I hooked my first tarpon today after work, off the Skyway. He took me to school. He spooled off about 200 yds of line and the rubbed a piling and shot me the "middle fin"---gone. I was stunned. I could not turn the fish around. Iknow use the boat. Amatuer mistake that won't happen next time! He just ran and my 6/0 spinning reel screamed like a newborn staring at an ugly nurse. DAMN THE BAD LUCK. A storm moved in and the water got rough we called it off at 9PM.

Joe---tarpon less Joe! :-[ :'(


----------



## catfish1225 (Jul 28, 2007)

Joe,
This is Jimbo, I met yo at the boat ramp today. thanks for all the tips you gave me I looke forward to using them. As you can see I joined the forum, its nice here I think I will like it!!!!! I look forward to learning lots from this site.
Jimbo


----------



## tom_in_orl (Dec 9, 2006)

Nice one Joe ;D Do you have Tarpon Fever now?


Welcome to the forum, catfish. [smiley=beer.gif]


----------



## JoeWelbourn (Dec 11, 2006)

Spend 3 hours last night shopping for a Tarpon rod and reel. Call the doctor, I have tarpon fever!

Welcome Jimbo. It was my pleasure to meet you.

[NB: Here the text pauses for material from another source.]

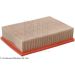 BluePrint Luftfilter ADB112237 BluePrint Luftfilter ADB112237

Just so you guys know, Jimbo has a "Bad Arse" Beavertail B2 skiff. I meet him last night launching to go tarpon fishing. Nice guy who knows his boats. Jimbo reach out to anyone here---great site with good guys eager to fish and help each other.

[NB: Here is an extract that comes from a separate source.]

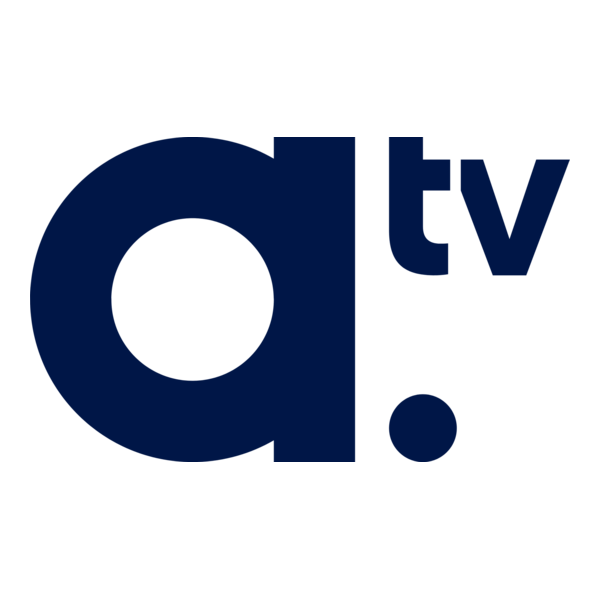 Augsburg TV Logo PNG Vector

Now let me get back to tarpon gear shopping. Any suggestions for good combination rod and reel I can use for tarpon and big snook fishing?

Joe


----------



## iMacattack (Dec 11, 2006)

Congrats! Nothing like getting a little poon-tang at night huh? ;D 

I have three "poon" rods based on angler ability and size of fish.. 

My personal rod for small 5-30lb class "local" canal poons is a Shimano Stella 4000 on a 7' Shimano Compre 12lb class rod. My medium size set up is a Shimano Stratic 6000 on a '7 Penn Power Graph II 15-25lb class rod. My heave stick is a Shimano Baitrunner 6500 on a 7' Fenwick Atlanticstick Supreme 15-40lb class rod. On the two heavier rods I had the grips customized and removed the gimble. 

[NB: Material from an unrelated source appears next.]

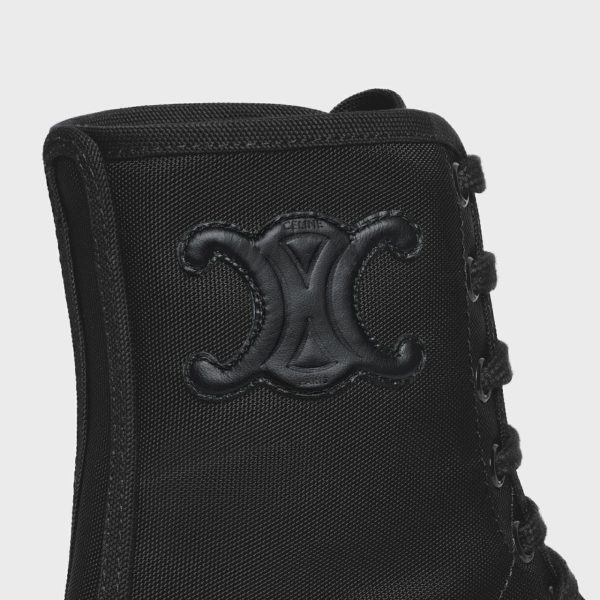 Rivermistrobes.shop48add78e17 5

I'm looking for two more rods to finish my poon-tackle... ;D I'm looking for two heavy weight LW casting reel and rods.

Cheers


----------



## Apollobeachsam (Dec 14, 2006)

too bad Joe... 

use a 20-40 spinning rod.. Teramar / Dogfish / or the Evolution solid carbon one I use.. they all run about $100

the reel ... 60-80 Boca/Cabo or other large saltwater reel w/ good drag.

50lb braid.. you all set. ..$300


----------



## St._Sophie_Girl (Dec 13, 2006)

AWW, Joe! At least you got em on the line! ;D


----------